INFORMATION SHOWN:
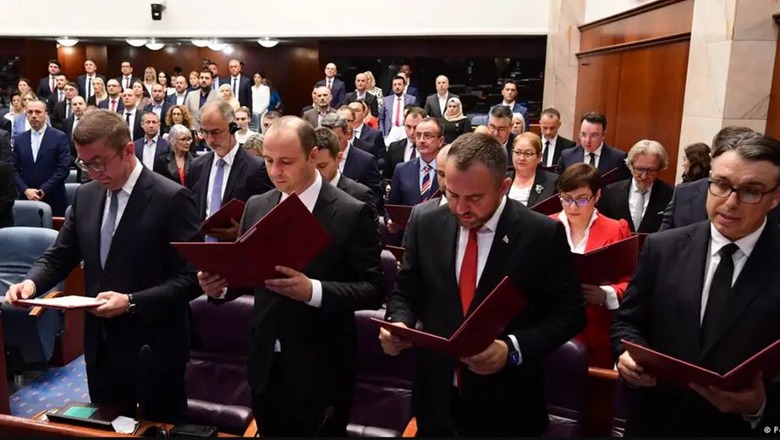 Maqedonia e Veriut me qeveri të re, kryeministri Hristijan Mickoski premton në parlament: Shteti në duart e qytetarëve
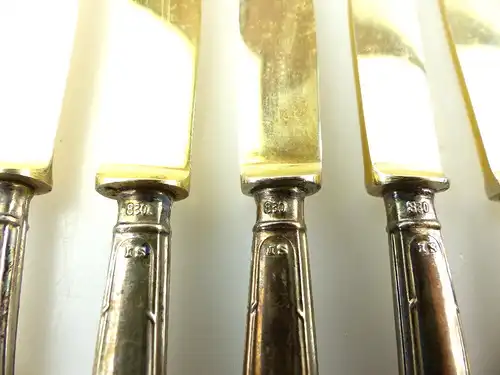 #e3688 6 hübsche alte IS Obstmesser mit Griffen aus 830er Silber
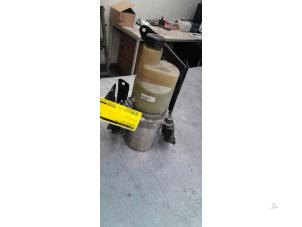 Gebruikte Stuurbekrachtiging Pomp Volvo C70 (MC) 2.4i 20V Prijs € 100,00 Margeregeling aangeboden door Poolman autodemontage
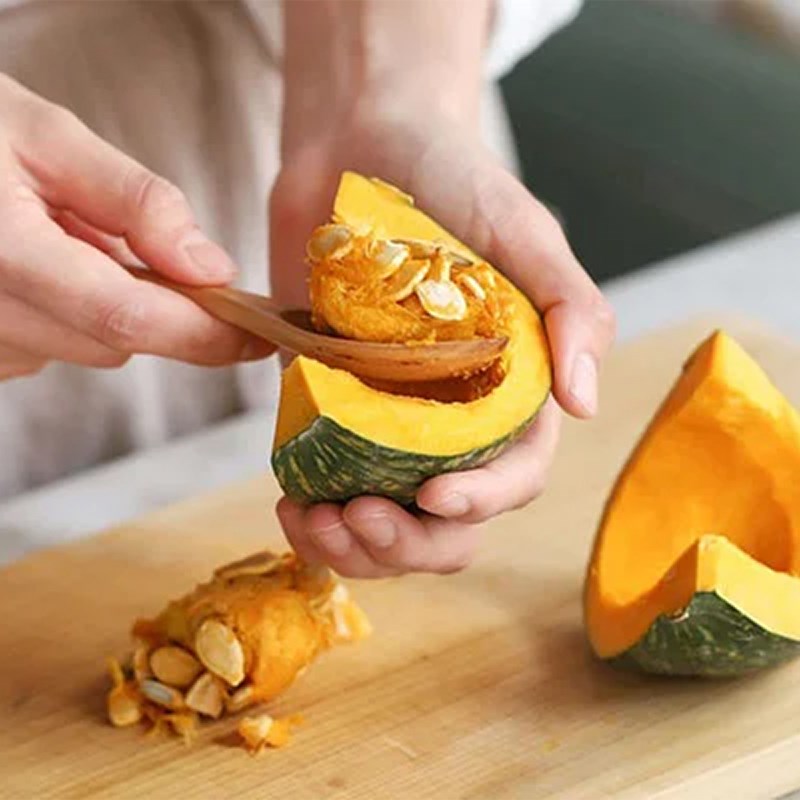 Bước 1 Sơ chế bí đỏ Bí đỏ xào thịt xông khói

PROBLEM REQUIREMENTS: Please retype the material above exactly, and omit its images.

RESPONSE TO THE TASK:
 Maqedonia e Veriut me qeveri të re, kryeministri Hristijan Mickoski premton në parlament: Shteti në duart e qytetarëve
 #e3688 6 hübsche alte IS Obstmesser mit Griffen aus 830er Silber
 Gebruikte Stuurbekrachtiging Pomp Volvo C70 (MC) 2.4i 20V Prijs € 100,00 Margeregeling aangeboden door Poolman autodemontage
 Bước 1 Sơ chế bí đỏ Bí đỏ xào thịt xông khói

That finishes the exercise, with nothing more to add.